While the startups of today may become the giants of tomorrow (remember Innovative Market Systems?), these are often overshadowed by the larger vendors. And if you aren't Bloomberg, how do you become a large vendor? Typically by merging with other vendors - a strategy used by Thomson Reuters, Interactive Data and Morningstar, to name a few.

To name another, let's take a look at Capital IQ, which last week acquired broker research consortium TheMarkets.com for a rumored $300 million. Standard & Poor's bought Capital IQ for $200 million in 2004 and has since been building out the service, adding functionality and plugging in lots of valuable S&P content. The vendor later combined its Compustat and ClariFi businesses with Capital IQ, building both its overall worth and its value to clients, and when the opportunity arose snapped up a copy of Reuters' research and estimates databases - which, ironically, Reuters was forced to sell to gain approval for its merger with Thomson Corp.

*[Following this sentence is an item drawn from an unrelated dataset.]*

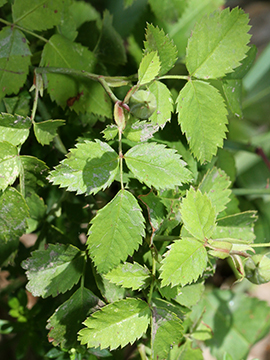 Rosa arvensis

Inevitably, when companies consolidate there is also a contraction in the market, creating a void that large vendors absorb or agile, ambitious players leap to fill. But in some cases, a consolidated vendor can address a gap that already existed. And it seems that Capital IQ may be seeking to make a play for buy-side business against larger vendors. TheMarkets chief executive David Eisner says its bank backers recognized the value of the platform's research, but also realized that the market for these services was gravitating towards full-function desktop research workstations, and decided to combine its value with someone who could provide the yin to their yang. Thus, Capital IQ will incorporate TheMarkets into an integrated research platform that combines the data assets of both businesses. And unlike many mega-mergers, the process looks less likely to be distracted or derailed by technology issues, since officials say the vendors use very similar underlying technology, making it easy for their development teams to become familiar with both solutions.

In the best-case scenario, a vendor going through a growth spurt will grow big and strong-possibly with other acquisitions along the way - and stimulate competition among service providers, benefiting end-users with keener pricing from other vendors and by providing a viable alternative to incumbent suppliers. Worst case, it becomes bloated and sluggish, as more acquisitions weigh it down, making it even less competitive and more complacent.

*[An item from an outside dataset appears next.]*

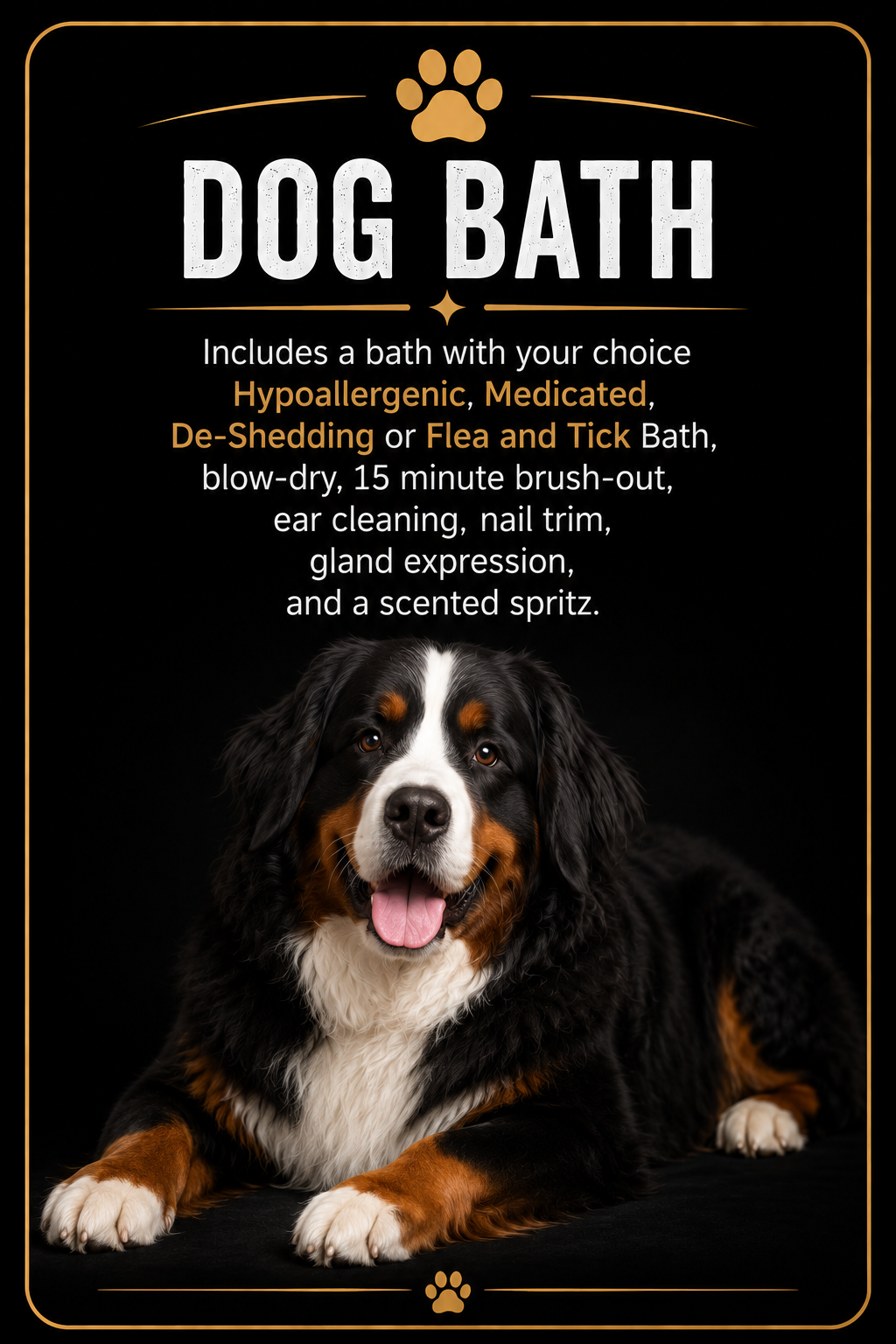 Professional dog bath, haircut, and nail trimming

But in this case, S&P seems to have an aggressive strategy to nurture its offspring: Douglas Taylor of Burton-Taylor International Consulting estimates annual spend on financial data by the investment banking sector - Capital IQ's core base - to be around $1.2 billion globally. "But the investment management industry spends around $4.7 billion on financial information, so for a reported purchase price of only $300 million, Capital IQ has expanded its addressable market by $5 billion," he says.

Finally, speaking of offspring, congratulations to IMD's US reporter Vicki Chan, who gave birth to a daughter last week. Vicki will be able to report on this breaking news personally when she rejoins us in the New Year. Until then, we offer our best wishes to Vicki, husband Mike and baby Zooey.